**EXERCISE AIM**.
In your copy, set down the entries exactly and exclude the pictures.
::: EXERCISE MATERIALS
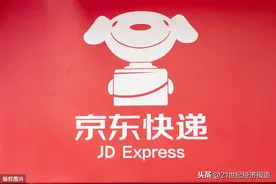 北京应急响应降至二级 京东物流：全力恢复上门取送件图片
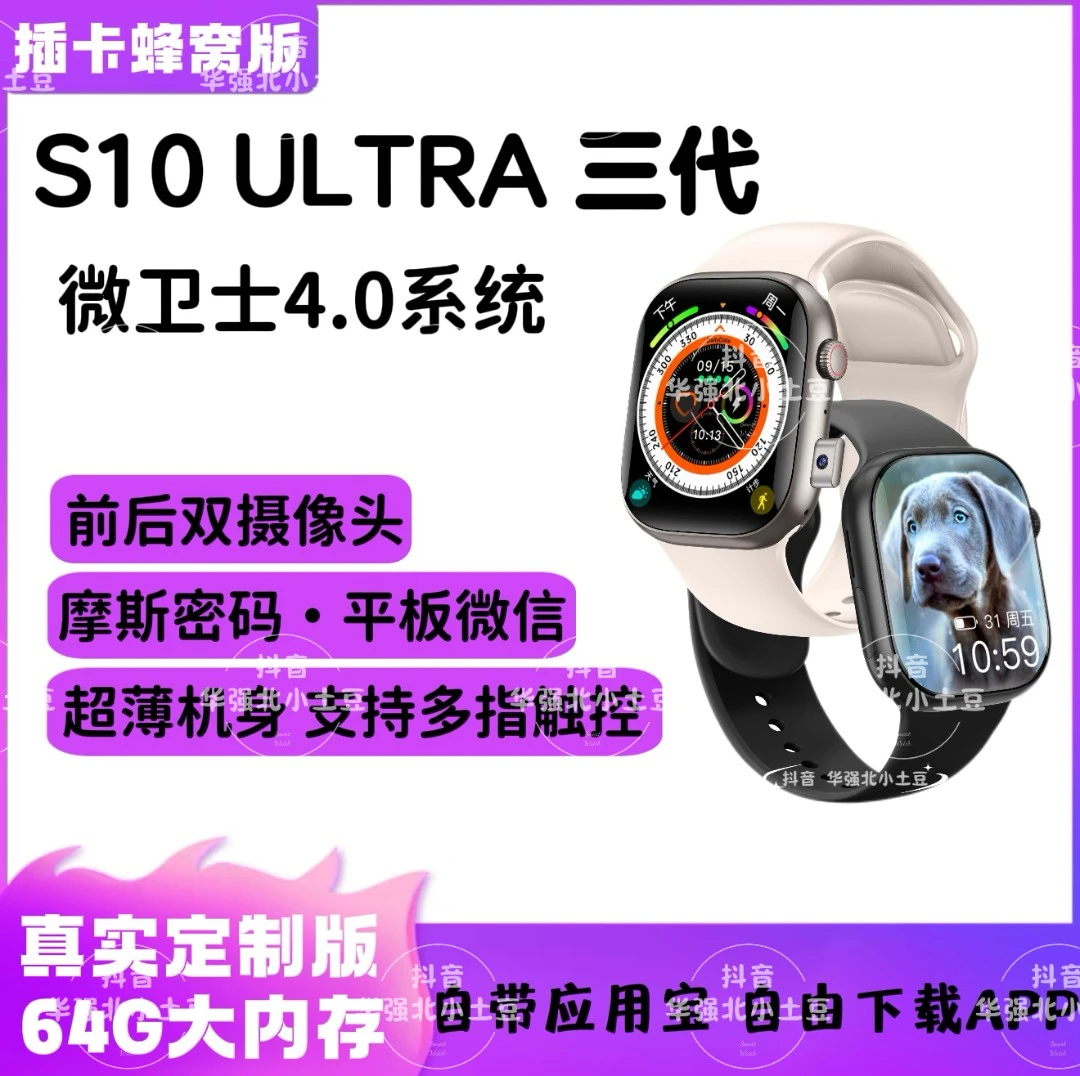 【华强北S10ultraX三代微卫土4.0】插卡顶配智能手表曲屏前后摄像头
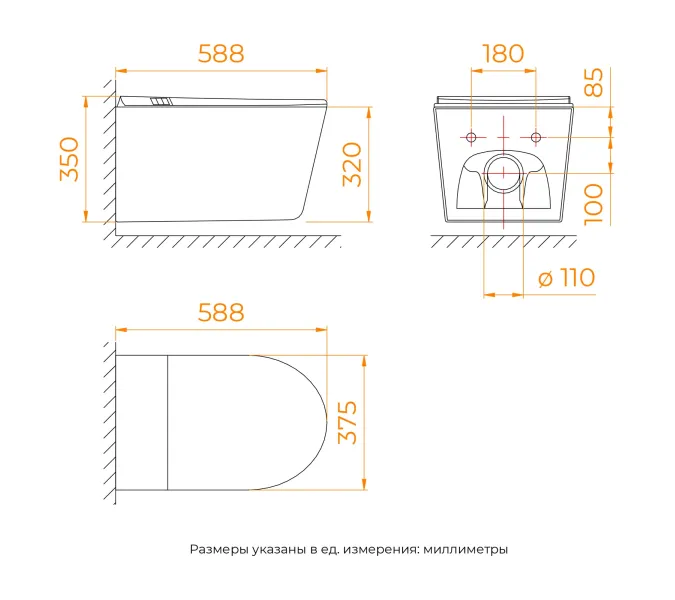 Унитаз умный подвесной с инсталляцией RGW SW-71, изображение 16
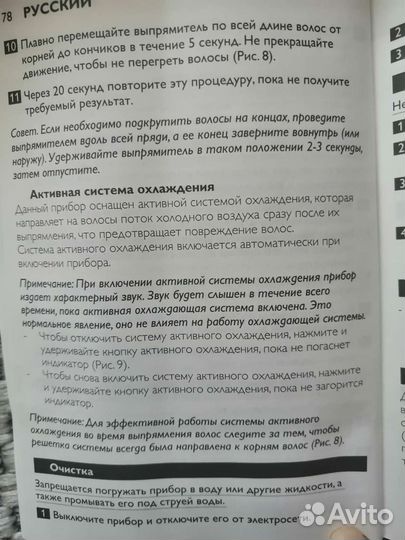 Щипцы для выпрямления волос Phillips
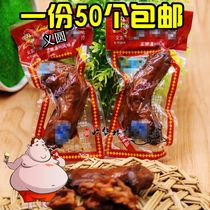 Yeyuan hillbilly chicken neck hillside little chicken neck hillbilly honey 18g * 50 bags whole box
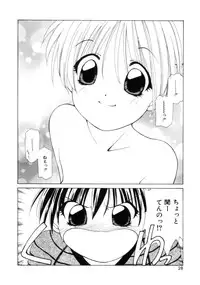 [Sakuragai] Polka Dot Magic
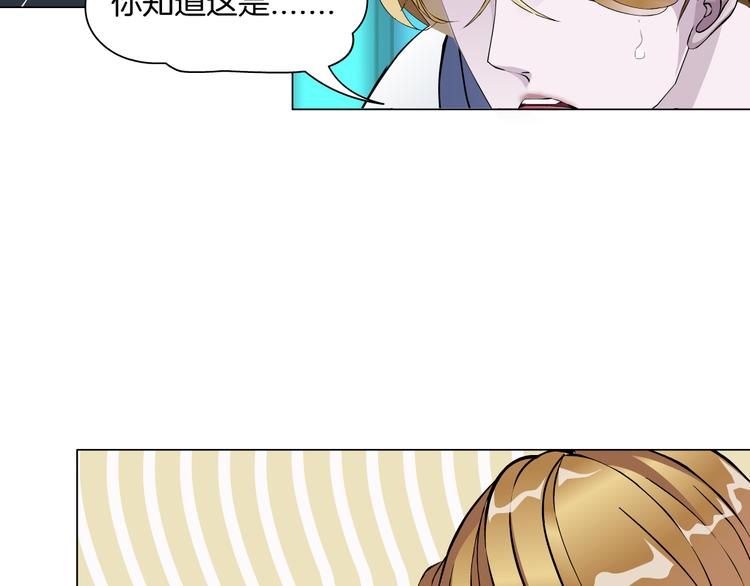 第7话 让人误会的男人59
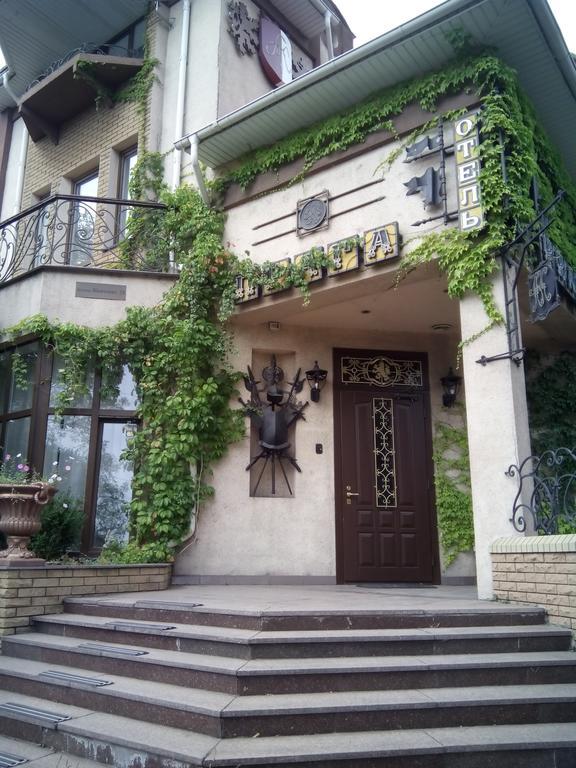 Prague Hotel Zaporizhia ภายนอก รูปภาพ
::::::
**PROBLEM SOLUTION**.
 北京应急响应降至二级 京东物流：全力恢复上门取送件图片
 【华强北S10ultraX三代微卫土4.0】插卡顶配智能手表曲屏前后摄像头
 Унитаз умный подвесной с инсталляцией RGW SW-71, изображение 16
 Щипцы для выпрямления волос Phillips
 Yeyuan hillbilly chicken neck hillside little chicken neck hillbilly honey 18g * 50 bags whole box
 [Sakuragai] Polka Dot Magic
 第7话 让人误会的男人59
 Prague Hotel Zaporizhia ภายนอก รูปภาพ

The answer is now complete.